Car racks for your paddling gear are great, making sure you can safely transport your craft of choice from home to your waterborne adventure. However, you still have to get your canoe, kayak, or SUP from vehicle to water, without damaging it or your precious vertebrae. For that, stick to the following pointers for effectively carrying your boat or board from land to sea.
Tandem vs. Solo Carry
In general, the more the merrier. If you have the time and the partner(s), using two people to carry a paddlecraft is easier than hefting it solo—especially for bigger, heavier boats like canoes, sea kayaks, sit-on-tops and fishing kayaks. For that, station one person at each end and grab the craft’s carrying handles or grab loops on the bow and stern. Lift with your legs (not your back) and keep your carrying arm straight to lessen fatigue. Note: The person in the lead should call out any upcoming obstacles (like steps, rocks and logs), which might be obscured to the stern carrier by the boat’s hull. Hint: Carrying the boat at a slight angle increases line-of-sight visibility for the rear carrier. If your paddlecraft doesn’t have carrying handles, grab the end of the hull by cradling it in your arms.

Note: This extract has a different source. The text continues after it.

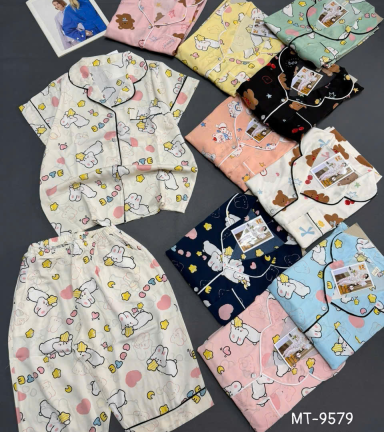 Đồ bộ nữ mặt nhà pijama tay ngắn quần lững nhiều size MT-9579 - DBOR0165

For bigger and heavier boats like canoes, fishing kayaks and sea kayaks, another option is using a paddling cart, which is designed to transport your paddlecraft to and from launches. A variety of carts exist for different capacities and terrain, most employing two wheels that attach beneath the boat’s stern, with a strap extending over the top of the hull for load security. Some carts break down so you can bring them with you on the boat while others are designed to be left in the car until you return.
Carrying Your Canoe Solo
Transporting a bulky canoe from car to water isn’t always easy. (Hints: Always drive as close to the water as possible; consider using paddling carts, which you can take with you for suitable portages; and feel free to drag it if you’re on soft grass or sand.) If you’re solo and have to carry it, here’s the technique: Stand at the canoe’s center, grasp the close gunwale with both hands and lean the canoe so its hull is pressed against your legs. Next, grab the center of the yoke to hoist the canoe up onto your thighs. From here, grab the far gunwale with your left hand, just forward of the yoke, rock the craft back and forth on your thighs and then, in one motion, flip the canoe over your head while rotating it 90 degrees, so the yoke lands across your shoulders. Stand up and keep your hands positioned on each gunwale as you walk, balancing the weight of the canoe on your collar and shoulders. To lower, repeat, using the opposite procedure to lower the canoe back onto the ground.